● **Activity**: From the entries below, please output exactly the lines starting at the one containing "a view of room with window and wooden floor" and ending at the one containing "Students presenting in the LC", both included.

[Records from a collection]
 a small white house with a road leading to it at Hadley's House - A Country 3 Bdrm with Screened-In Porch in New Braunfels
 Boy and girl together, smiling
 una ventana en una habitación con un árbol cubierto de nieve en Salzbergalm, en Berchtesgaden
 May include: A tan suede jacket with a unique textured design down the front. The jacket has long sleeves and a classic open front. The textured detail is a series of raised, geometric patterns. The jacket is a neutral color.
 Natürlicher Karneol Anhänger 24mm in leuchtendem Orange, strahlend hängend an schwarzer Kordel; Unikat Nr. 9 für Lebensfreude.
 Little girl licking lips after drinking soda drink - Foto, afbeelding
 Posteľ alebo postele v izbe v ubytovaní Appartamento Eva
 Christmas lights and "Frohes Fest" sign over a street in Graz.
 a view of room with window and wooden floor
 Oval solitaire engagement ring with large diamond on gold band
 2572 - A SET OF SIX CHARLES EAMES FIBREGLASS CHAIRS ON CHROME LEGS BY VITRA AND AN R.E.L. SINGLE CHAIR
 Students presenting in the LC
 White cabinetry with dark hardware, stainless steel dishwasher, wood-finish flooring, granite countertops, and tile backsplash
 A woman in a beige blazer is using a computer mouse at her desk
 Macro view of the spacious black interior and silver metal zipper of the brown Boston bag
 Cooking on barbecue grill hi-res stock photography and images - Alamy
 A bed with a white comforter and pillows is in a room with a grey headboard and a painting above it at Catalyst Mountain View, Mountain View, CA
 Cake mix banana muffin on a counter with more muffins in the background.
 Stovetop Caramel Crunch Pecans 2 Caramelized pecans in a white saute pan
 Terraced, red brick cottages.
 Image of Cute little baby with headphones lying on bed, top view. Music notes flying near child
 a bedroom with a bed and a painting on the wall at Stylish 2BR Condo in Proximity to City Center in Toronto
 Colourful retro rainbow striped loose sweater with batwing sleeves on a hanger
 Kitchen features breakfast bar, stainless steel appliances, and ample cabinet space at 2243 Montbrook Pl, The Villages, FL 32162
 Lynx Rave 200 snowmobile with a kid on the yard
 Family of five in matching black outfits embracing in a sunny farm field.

● **Response to this exercise**:
 a view of room with window and wooden floor
 Oval solitaire engagement ring with large diamond on gold band
 2572 - A SET OF SIX CHARLES EAMES FIBREGLASS CHAIRS ON CHROME LEGS BY VITRA AND AN R.E.L. SINGLE CHAIR
 Students presenting in the LC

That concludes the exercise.